43 Я расспрашивал ... о Якушкине ... судя по указанной мною книге.— М. М. Нарышкин возражает против приведенной Н. П. Огаревым версии, будто И. Д. Якушкин, когда Николай I угрожал ему карами «на том свете», отвечал: «Да ведь я в будущую жизнь не верю!» (см.: 14 декабря 1825 и император Николай, с. 301. Ср.: Якушкин, с. 64—65).

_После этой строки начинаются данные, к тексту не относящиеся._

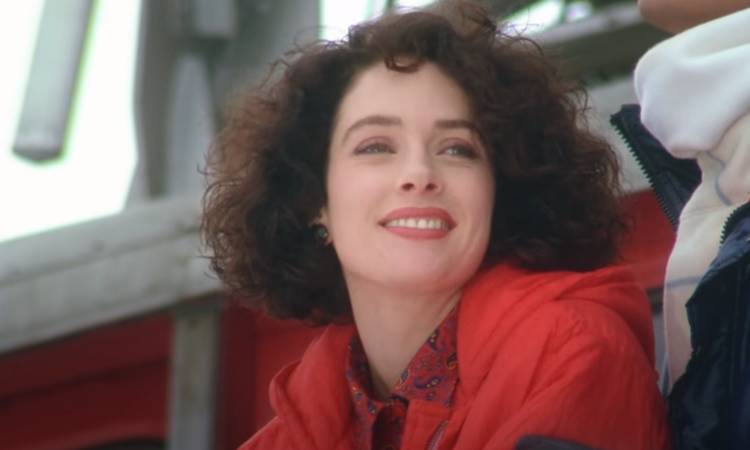 37 lat temu pojawiła się w teledysku do "Last Christmas". Dziś jest nie do poznania! Jak wygląda Kathy Hill?                    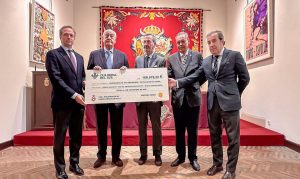 Se entregan los beneficios del festival del 13 de octubre en Sevilla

44 ... их тамошнему духовнику...— Якушкину в его просветительской деятельности постоянно помогал ялуторовский священник Стефан Яковлевич Знаменский (1806— 1877).
45 ... духов<ного> квартального ... его так говорить? — Уваров явно подразумевает резкие высказывания М. С. Лунина о роли духовенства в процессе декабристов. См. наст. изд., с. 57, 67 и др.).
46 ... Якову Ростовцеву ... его приветствовали.— Яков Иванович Ростовцев (1803— 1860) предупредил Николая I о готовящемся восстании 14 декабря, после чего, действительно, сообщил Е. П. Оболенскому и другим декабристам о своем поступке. Об этом эпизоде см.: Шильдер Н. К. Император Николай 1-й. Его жизнь и царствование, т. 1. СПб., 1903, с. 256—260, 274—277; Сказин Е. В. Заметки Н. К. Шильдера на полях книги М. Корфа.— Каторга и ссылка, 1925, кн. 2, с. 150; Ростовцев Я. И. Отрывки из моей жизни 1825 и 1826 гг.— РА, 1873, кн. 1; PC, 1889, № 9; Гордин Я. События и люди 14 декабря 1825 года. М., 1985.